How can he find and add meaning to an images that makes it worth, and valuable?
Let’s potentially start first by asking ourselves what “meaning” means. Meaning is one of the ultimate human questions that has made many philosophers busy for millenniums. And just by framing this question, we may represent a plethora of follow-up questions that might not be answerable at all.
The most useful working definition of meaning that I found is that meaning is a relationship between a phenomenon and a subject. It varies across individuals, time, contexts and scopes. We create meaning through perception and linking phenomenon to symbolic systems. Language is one such a symbolic system through which we link for example white puffy things in the sky to the word “cloud”. In principle, we have all the freedom to design meanings in any way we may wish and norms regulate these meanings making them being accepted by a larger group of individuals. Through these processes, we create consciousness of our world.
Based on this working definition, one can potentially distinguish “meaning in a photograph” from “meaning through photographing”. I’d like to focus on the former, not finding meaning in life through photography. This potentially gives room for another blog post.
How do we create meaning? Meaning IN a photograph is an intent which I desire to convey in communicating my photograph to a viewer. A good photograph helps me therefore to feel, know or understand something. I seek to capture scenes under a certain frame that distills the essence of that contextual moment. When we are present with the phenomenon or object to photograph, we are giving it value. Through observing the object, we learn more about it’s character and personality. We learn how it looks in different light, with different tides, in the movement of the wind, or from different angles. Once we learn about the object, we can decide on how to present it in a photograph. Through using our photographic principles of emphasis, unity, movement, balance, rhythm, pattern or contrast and elements such as lines, shapes, layers, space, frames, value, color and texture we form the photographic composition as a whole. Light and atmosphere are very important tools helping us to apply the principles on our elements. If I look at my photograph, I can self-reflectively decide on how well it transports my intention and gives the meaning I’d like to convey. By allowing many different interpretations of meaning, we create a confusion about what is conveyed.
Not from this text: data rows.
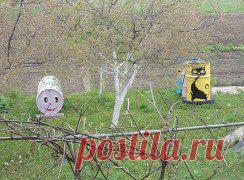 Школа садоводов Андрея Туманова – Людмила Булица (Баташова) добавила 7 фотографий в альбом Дачные БОЧКИ!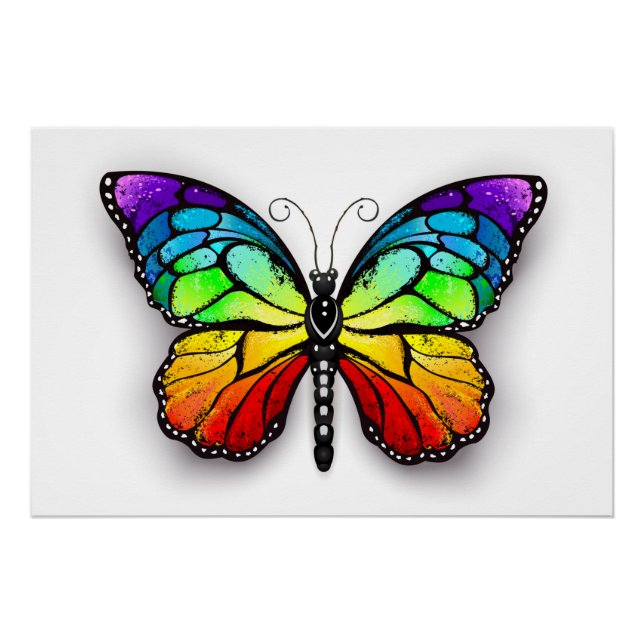 Póster Monarca de mariposa arcoiris (Anverso)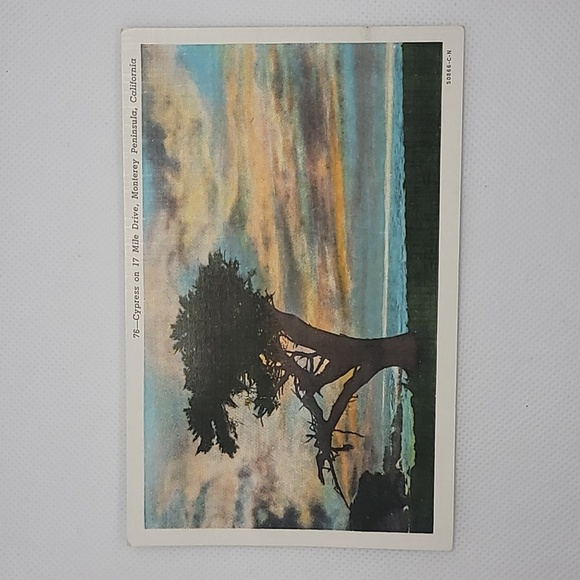 Cypress on 17 Mile Drive, Monterey Peninsula, California Vintage Postcard - Picture 1 of 6
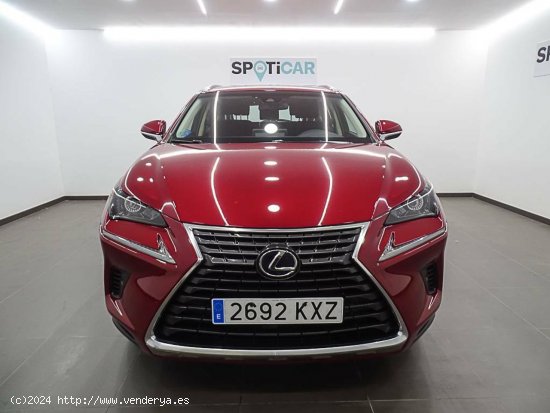 Lexus NX  2.5 300h  2WD Business - València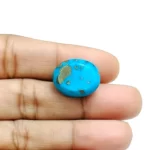 Irani Turquoise (Firoza)- 12.55 Carat (13.79 Ratti)-Origin-Iran - Image 4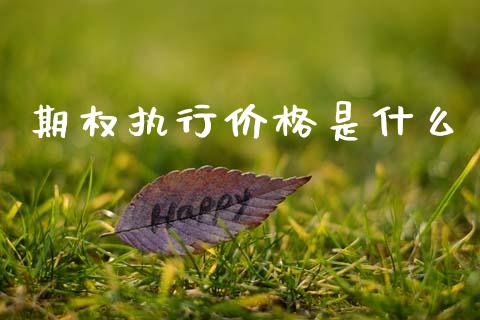 期权执行价格是什么_https://m.lcpcjs.com_白银期货保证金_第1张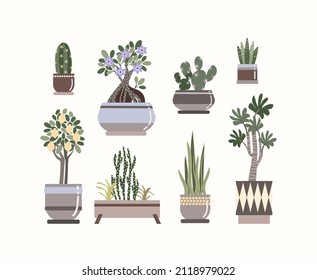 home gardening vector set of isolated plants with pots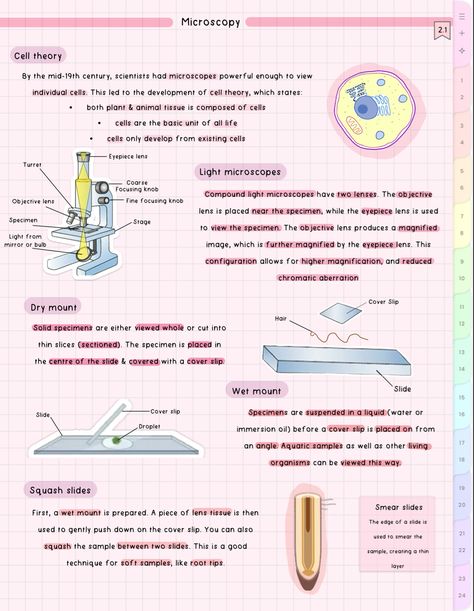 #cute #aesthetic #biology #notes #study #student Microscopy Biology Notes, Aesthetic Biology Notes, Microbiology Aesthetic, Aesthetic Biology, Microbiology Study, Gcse Biology, Bio Notes, Learn Biology, Microbiology Lab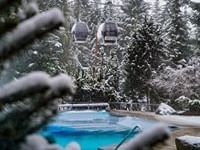 Gondola ride through snowy pine trees at Blackcomb Springs Suites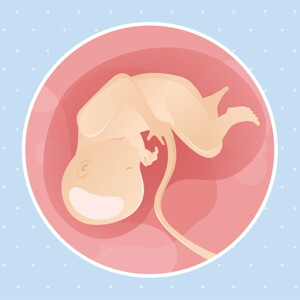 pregnancy week34 temporary pregnancy week34 temporary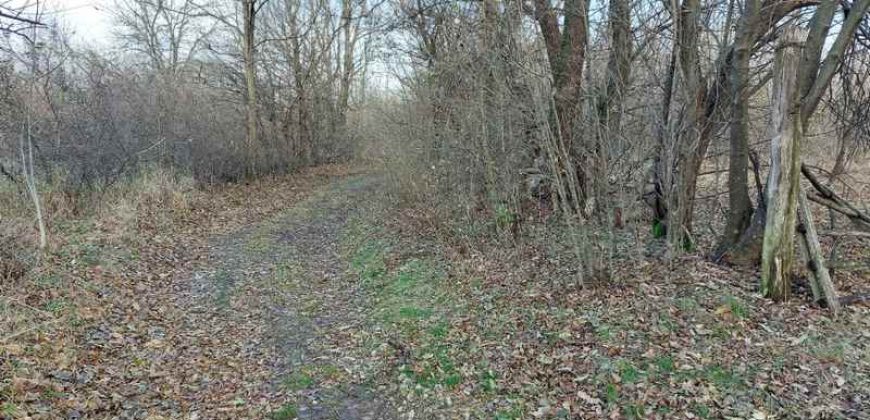 Boljevac, Rtanj – Mirovo 14ari 99kvm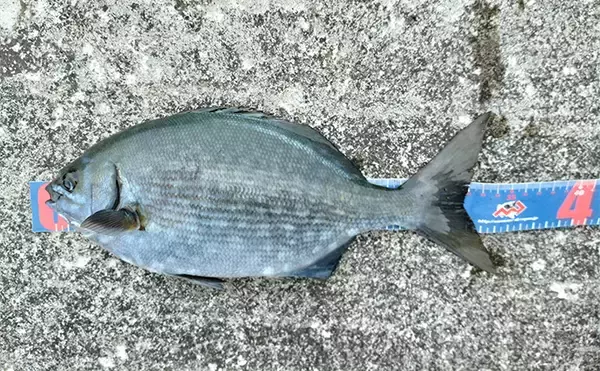 「三宅島での堤防フカセ釣りで本命シマアジ不発もイスズミが連発【東京】」の画像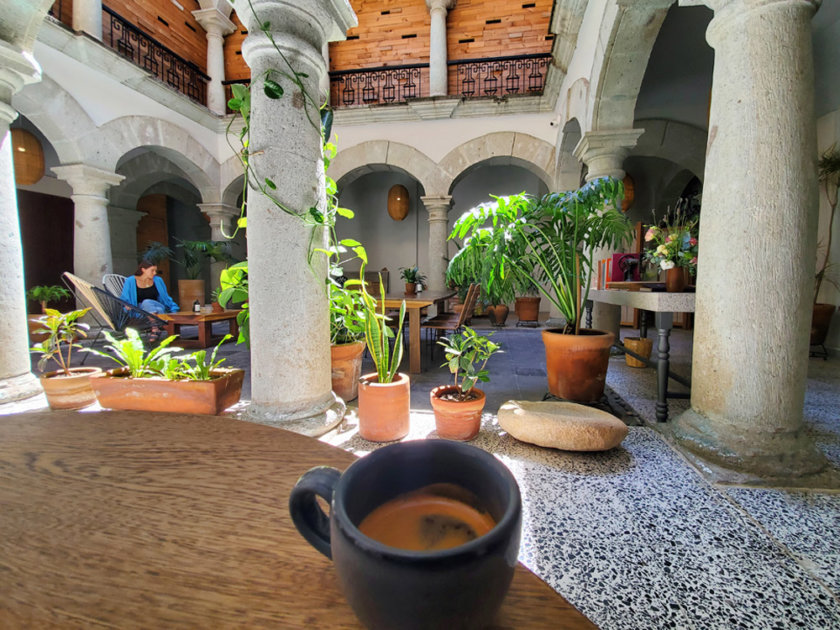 one thing to do in Oaxaca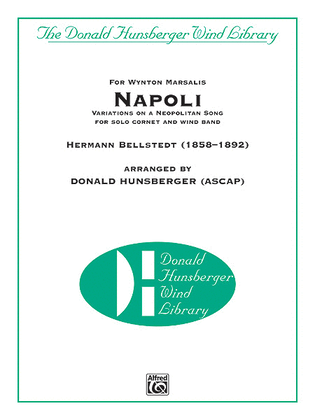 Book cover for Napoli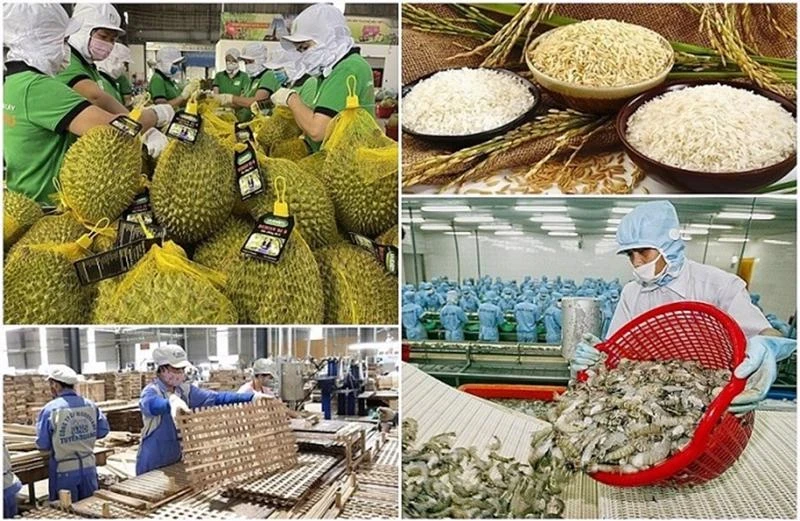 In 2024, the total export turnover of agricultural, forestry and fishery products is estimated to reach a record high of 62.4 billion USD, an increase of 18.5% compared to 2023.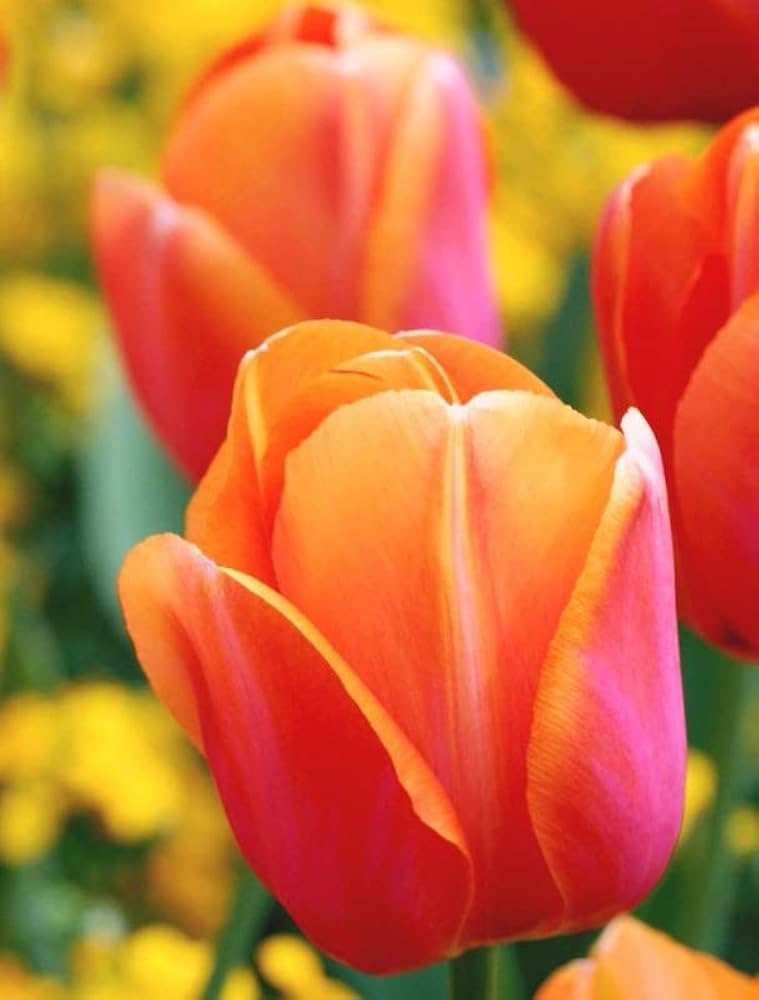 Red Orange Tulip Flower Seeds – Premium Quality Heirloom & NonGMO for Home Garden
 
 Sale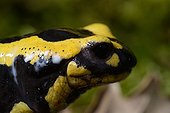 Portrait of Speckled Salamander - Poitou France  ; Parotide gland and venom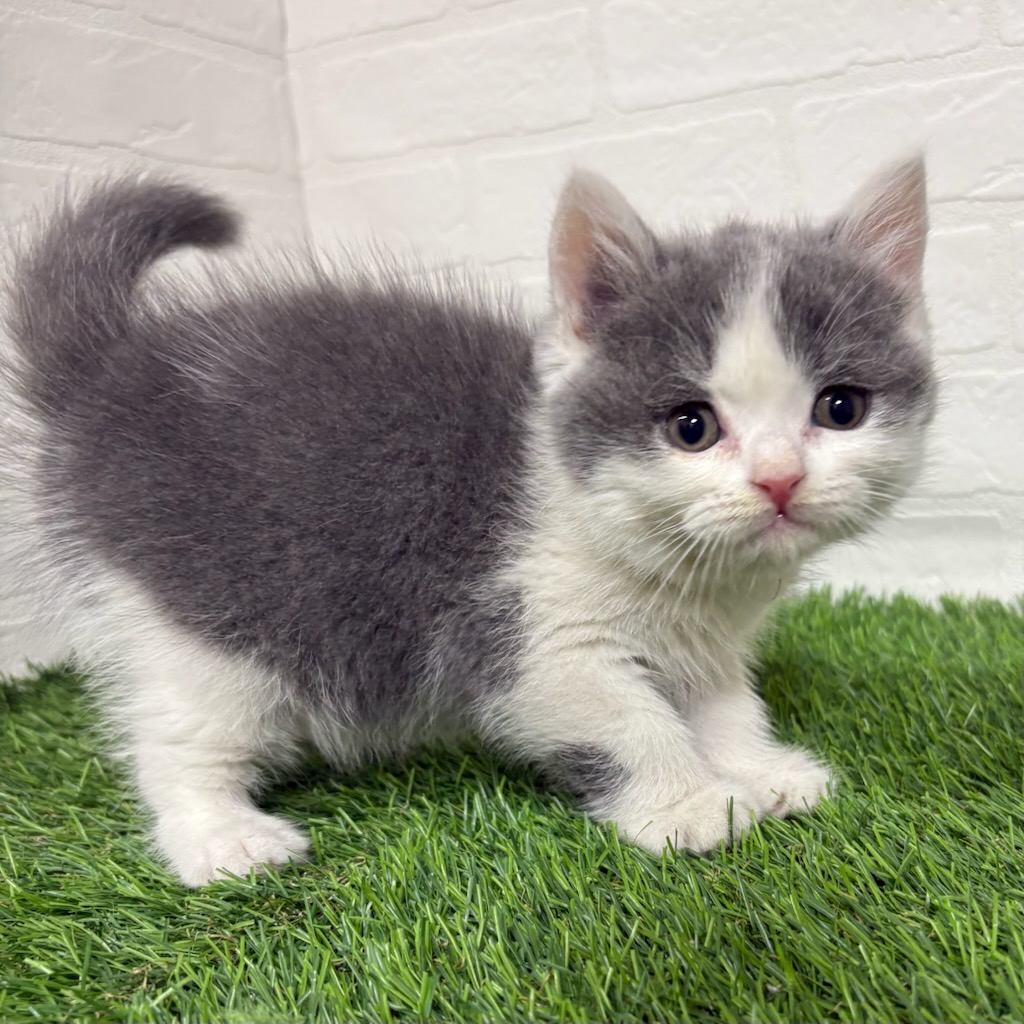 三重県のブリティッシュショートヘアー (ワンニャンハウス四日市店/2025年10月18日生まれ/男の子/ブルーホワイト)の子猫の2枚目の画像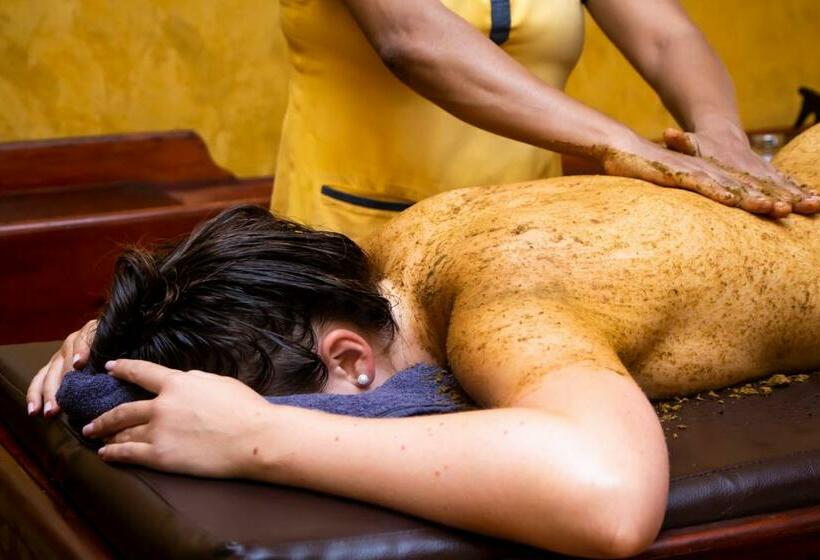 חדר דלוקס, Jasmin Villa Ayurveda Resort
This ambiguity often is intentional in fine art. It offers the viewer the opportunity to find himself in the art. On the other hand, I can narrow the number of interpretations down through the composition of the photograph. Additional text, stories and b-role material further support creating a narrower interpretational space of the photograph.
How is meaning created in the viewer? No matter what meaning and interpretational space we created in our photograph, the photograph has to speak to the viewer about that point of the photograph we wanted to convey. How does this work? The viewer may first search for things and symbols in the photograph he knows, and that he can recognize. He may then mentally add labels to these, such as river, mountain, cloud, or tree. He may go one step further. Certain things may not only trigger a label, but an emotional state or attribute. A cloud may trigger facility, an owl wisdom, the absence of light fear. Then the viewer may start connecting things in the photograph following the tools we created for him (e.g. leading his eye through light, contrast, or color). Together, these links and the labels may result in a affective reaction about the scenery, but also in a cognitive dispute.
In the future, I’ll be more concrete and talk about tools helping us to create meaning. In my next blog post I will therefore talk about the difference between snapshots, images and photographs.
Looking back into your last photograph, which meaning did you want to convey?